しかし、この小さな幸せがいつまでも続くことはなかった……。 ■身体障害者認定について 実は、4月に腎瘻造設手術を行ったことで、身体障害者と認定され、東京都から身体障害者手帳を交付された。身体障害者障害程度等級は4級、旅客鉄道株式会社旅客運賃減額は第2種となっている。 背中の2カ所に埋め込んだ管の周囲を毎日消毒し、テーピングをし直さなくてはならない。移動にあたっても尿を集荷しておく袋を常に身につけていなければならないなど、確かに日常生活における負担と不便はそれなりにある。

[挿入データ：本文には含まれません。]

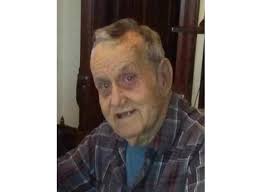 Charles Richard Green Obituary (2024)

身障者4級になると、いろいろな支援や割引を受けることができる。腎瘻患者の場合は、ストーマ装具の用品給付(月額上限1万1400円)、心身障がい者福祉手当(月額4000円)。 交通機関の運賃割引は以下の通りだ。 JR:第2種障がい者が単独で利用する場合、片道100キロを超える区間は5割引 都営交通:本人利用10割引 民営バス:単独利用5割引 タクシー料金:10%割引 有料道路通行料:5割引
さらに都立公園の入園が無料になったりする。一気に福祉が身近になった気分だ。日常的に民間のバスをよく利用するので半額で乗れるのはありがたい。 ※支援割引のくだりの障害者の表記は、市の案内本の表記にあわせて「障がい者」としています。